WORK INSTRUCTIONS: Each entry should be set down exactly as written, except for any picture it holds.

[Image-caption web data]
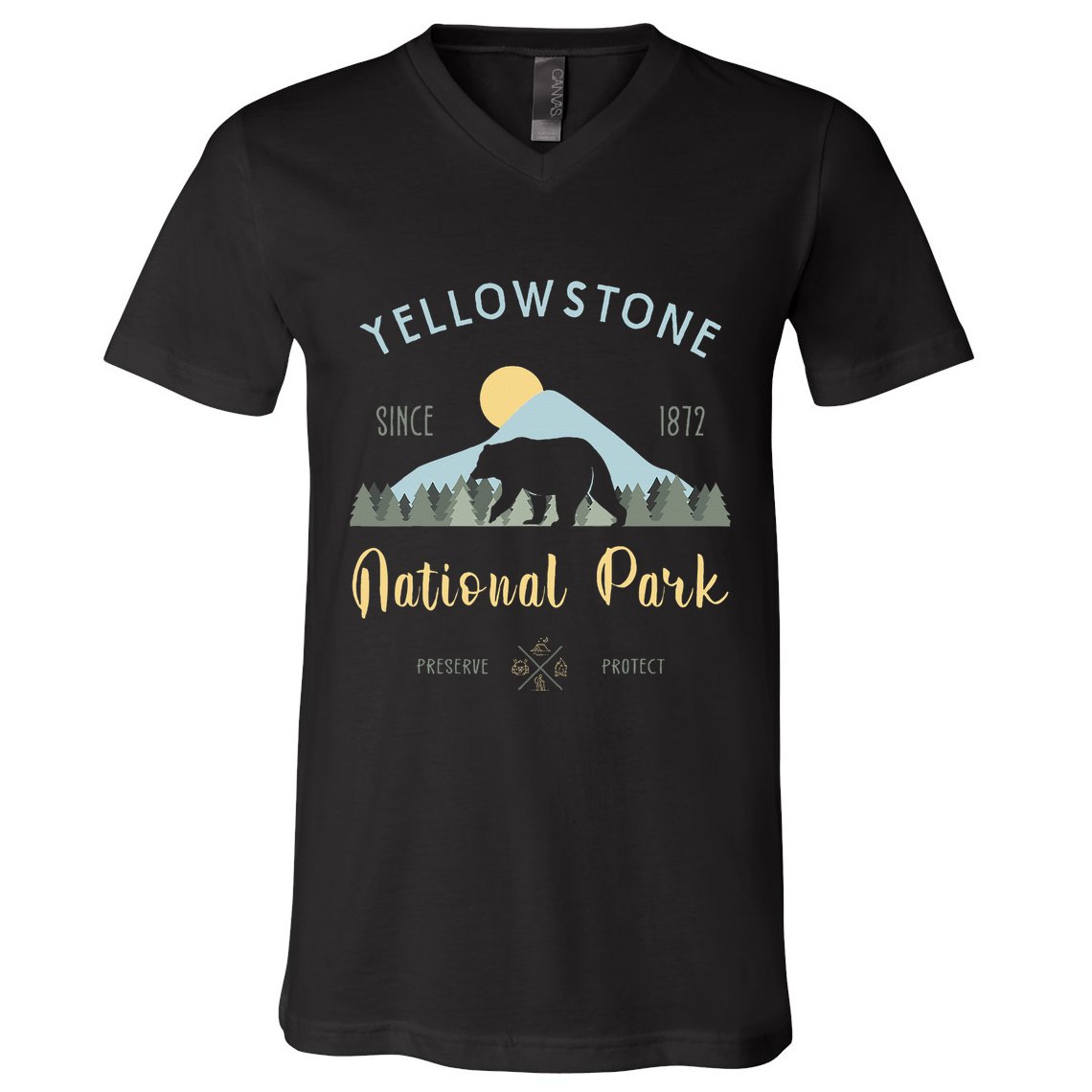 Outdoor National Park Yellowstone National Park V-Neck T-Shirt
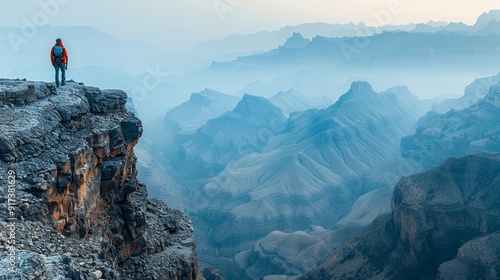 Adventurer overlooking a misty canyon at dawn in a rugged mountain landscape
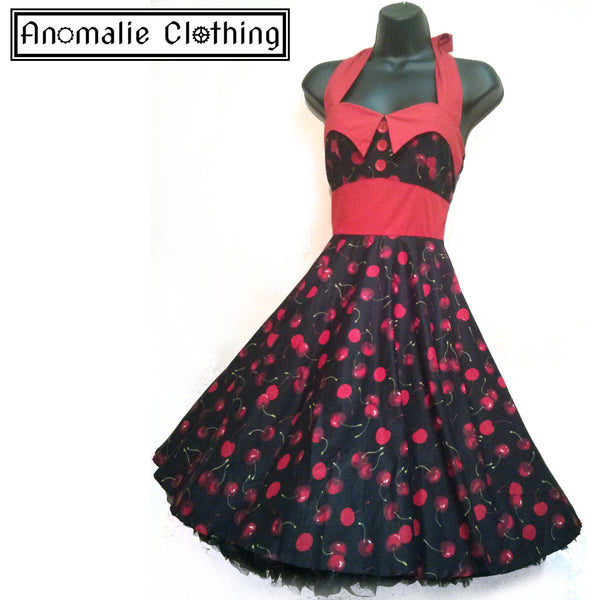Black & Red Cherry Print Ashley Dress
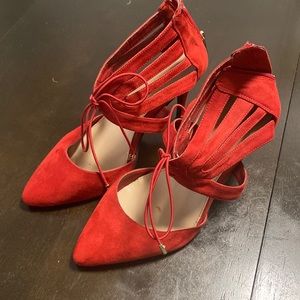 Venetian Red Lace up detail Pumps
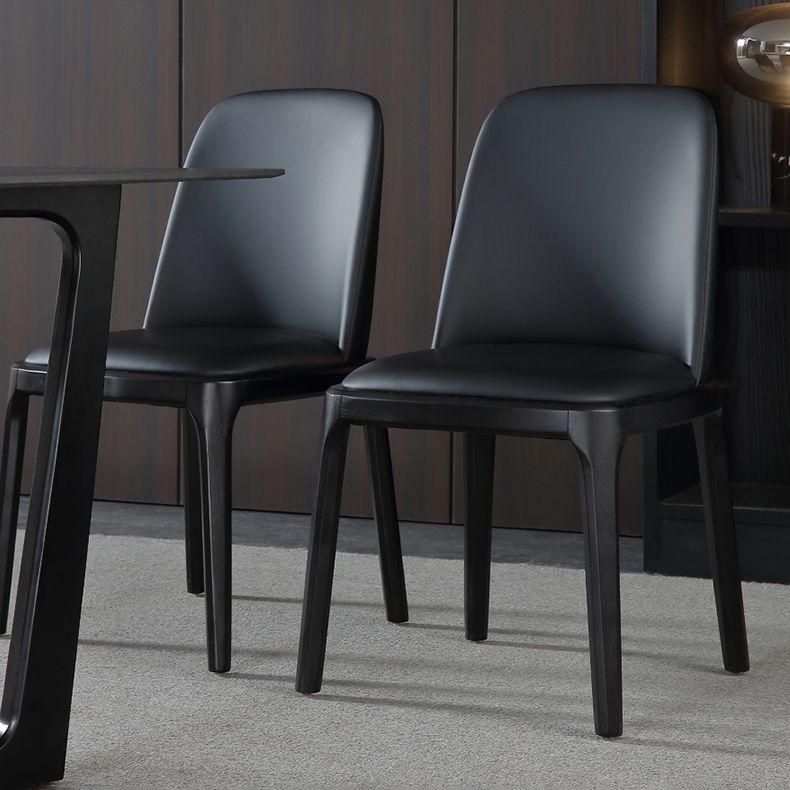 Scandinavian Style Faux Leather Side Chairs with Wooden Legs Solid Back Chair for Home Clearhalo ' kitchen&dining_furn' 'Dining Chairs' 'Dining Tables & Seating' 'dining_chair' 'furn' 'furn_dining_chair' 'Furniture' 'furniture_dining_chair' 'Kitchen & Dining Furniture' 'kitchen' 1200x1200_62cac0b8-72d6-46fd-918c-80173bbe8c4d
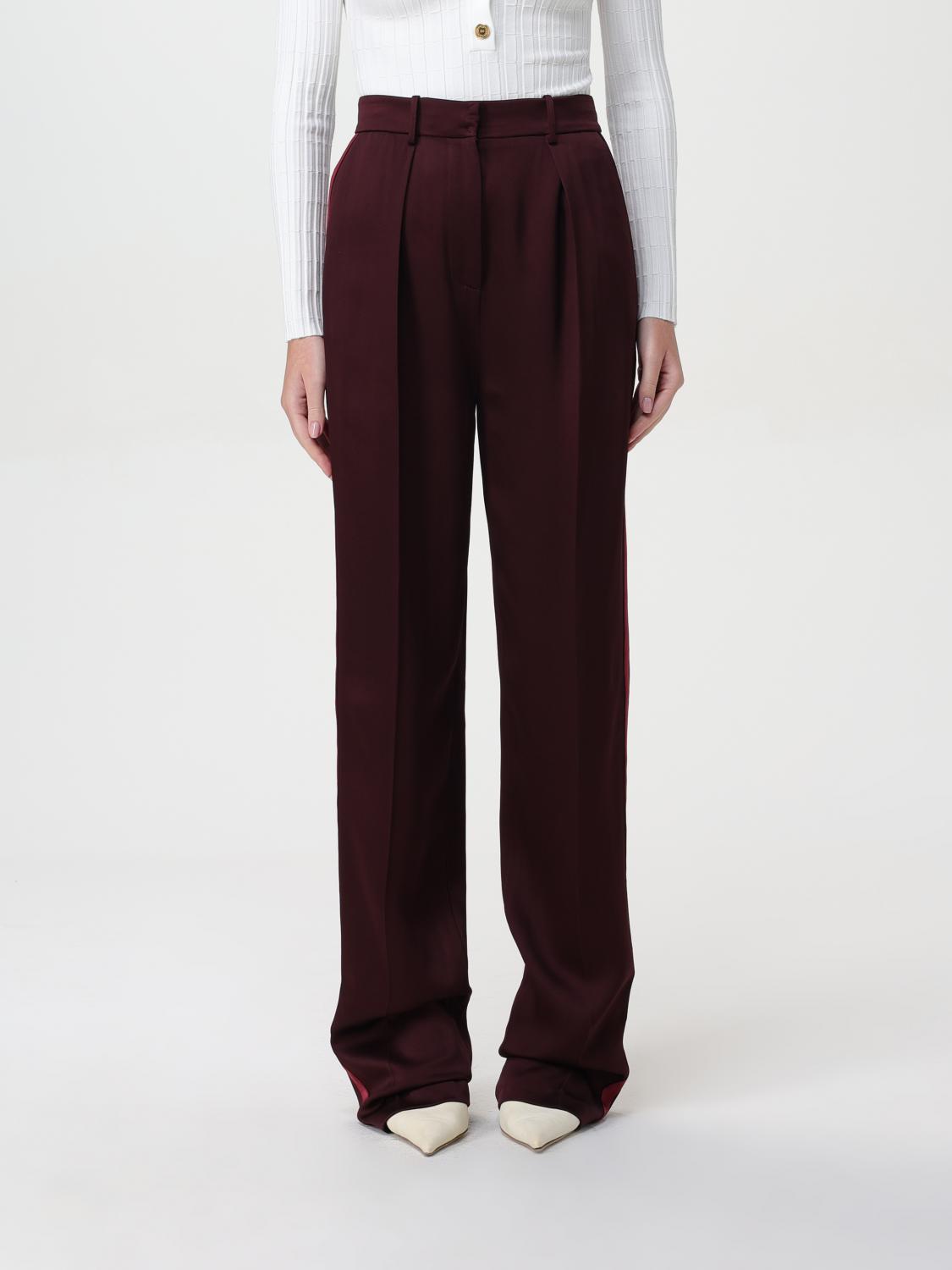 Elisabetta Franchi Pants Woman Color Burgundy In Burgunderrot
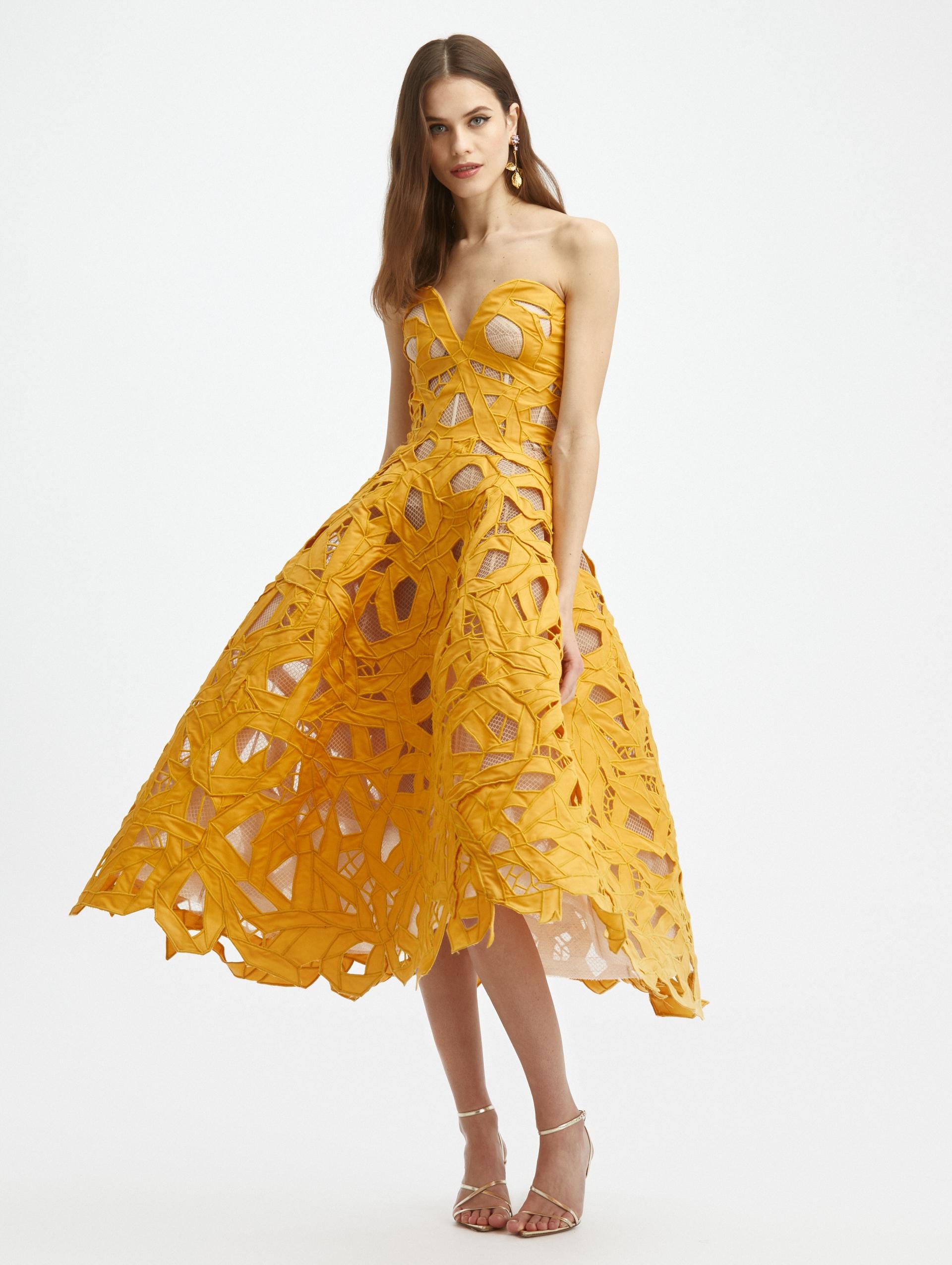 Oscar de la Renta Cutout Bow Faille Cocktail Dress in Yellow | Lyst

OUTPUT OF THE EXERCISE:
 Outdoor National Park Yellowstone National Park V-Neck T-Shirt
 Adventurer overlooking a misty canyon at dawn in a rugged mountain landscape
Black & Red Cherry Print Ashley Dress
 Venetian Red Lace up detail Pumps
 Scandinavian Style Faux Leather Side Chairs with Wooden Legs Solid Back Chair for Home Clearhalo ' kitchen&dining_furn' 'Dining Chairs' 'Dining Tables & Seating' 'dining_chair' 'furn' 'furn_dining_chair' 'Furniture' 'furniture_dining_chair' 'Kitchen & Dining Furniture' 'kitchen' 1200x1200_62cac0b8-72d6-46fd-918c-80173bbe8c4d
 Elisabetta Franchi Pants Woman Color Burgundy In Burgunderrot
 Oscar de la Renta Cutout Bow Faille Cocktail Dress in Yellow | Lyst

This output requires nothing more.